- _WHAT YOU SHOULD DO_
Begin with the first line of the entries below. Copy each line exactly, stopping after the one that contains "Machine Washable Medallion".

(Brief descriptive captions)
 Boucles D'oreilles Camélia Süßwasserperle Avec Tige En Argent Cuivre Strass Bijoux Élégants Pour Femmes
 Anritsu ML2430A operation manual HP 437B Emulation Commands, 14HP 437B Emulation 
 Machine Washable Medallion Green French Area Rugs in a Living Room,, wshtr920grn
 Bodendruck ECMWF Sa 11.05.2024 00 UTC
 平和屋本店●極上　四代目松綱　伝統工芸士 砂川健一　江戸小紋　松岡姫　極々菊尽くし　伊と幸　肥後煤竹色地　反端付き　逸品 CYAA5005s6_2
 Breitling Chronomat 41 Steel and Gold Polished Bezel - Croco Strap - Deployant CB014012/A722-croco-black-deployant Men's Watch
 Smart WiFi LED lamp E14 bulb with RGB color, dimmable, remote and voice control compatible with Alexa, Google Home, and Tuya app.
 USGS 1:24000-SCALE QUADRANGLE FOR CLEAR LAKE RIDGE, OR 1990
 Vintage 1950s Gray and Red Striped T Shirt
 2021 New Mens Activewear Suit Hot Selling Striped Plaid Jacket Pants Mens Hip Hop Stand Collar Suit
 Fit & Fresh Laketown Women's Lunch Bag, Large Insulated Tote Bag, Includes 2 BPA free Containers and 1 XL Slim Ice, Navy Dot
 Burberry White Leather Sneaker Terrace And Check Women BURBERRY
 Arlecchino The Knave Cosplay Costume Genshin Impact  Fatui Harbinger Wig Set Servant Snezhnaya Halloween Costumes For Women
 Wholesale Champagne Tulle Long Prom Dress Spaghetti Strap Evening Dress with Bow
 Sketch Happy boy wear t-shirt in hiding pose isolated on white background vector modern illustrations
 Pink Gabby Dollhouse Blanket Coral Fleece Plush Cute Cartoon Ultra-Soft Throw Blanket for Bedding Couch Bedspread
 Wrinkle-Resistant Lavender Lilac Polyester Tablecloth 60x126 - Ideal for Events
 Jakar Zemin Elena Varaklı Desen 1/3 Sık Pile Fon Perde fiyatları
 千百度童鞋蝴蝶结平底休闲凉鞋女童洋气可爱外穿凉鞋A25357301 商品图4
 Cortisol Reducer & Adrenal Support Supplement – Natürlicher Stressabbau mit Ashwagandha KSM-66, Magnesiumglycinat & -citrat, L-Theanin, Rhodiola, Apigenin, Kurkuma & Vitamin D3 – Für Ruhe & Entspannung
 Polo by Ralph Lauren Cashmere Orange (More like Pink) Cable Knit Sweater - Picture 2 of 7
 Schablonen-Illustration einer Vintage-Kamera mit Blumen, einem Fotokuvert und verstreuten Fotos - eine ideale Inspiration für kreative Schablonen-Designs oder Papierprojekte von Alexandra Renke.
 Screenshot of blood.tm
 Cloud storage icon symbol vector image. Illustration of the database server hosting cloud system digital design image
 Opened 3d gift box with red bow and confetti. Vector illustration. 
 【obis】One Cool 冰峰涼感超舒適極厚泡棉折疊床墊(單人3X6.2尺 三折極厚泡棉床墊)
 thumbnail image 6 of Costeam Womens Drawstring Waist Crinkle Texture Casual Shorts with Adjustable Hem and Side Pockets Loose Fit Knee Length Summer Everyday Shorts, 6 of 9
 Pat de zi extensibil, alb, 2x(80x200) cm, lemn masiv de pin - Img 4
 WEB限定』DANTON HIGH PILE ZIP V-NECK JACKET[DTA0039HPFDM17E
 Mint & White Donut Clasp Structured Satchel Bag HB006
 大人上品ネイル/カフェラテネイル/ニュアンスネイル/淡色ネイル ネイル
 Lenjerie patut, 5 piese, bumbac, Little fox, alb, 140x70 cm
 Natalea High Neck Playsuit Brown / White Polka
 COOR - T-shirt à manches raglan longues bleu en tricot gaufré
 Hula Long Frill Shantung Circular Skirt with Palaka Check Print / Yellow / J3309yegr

- _ANSWER SECTION_
 Boucles D'oreilles Camélia Süßwasserperle Avec Tige En Argent Cuivre Strass Bijoux Élégants Pour Femmes
 Anritsu ML2430A operation manual HP 437B Emulation Commands, 14HP 437B Emulation 
 Machine Washable Medallion Green French Area Rugs in a Living Room,, wshtr920grn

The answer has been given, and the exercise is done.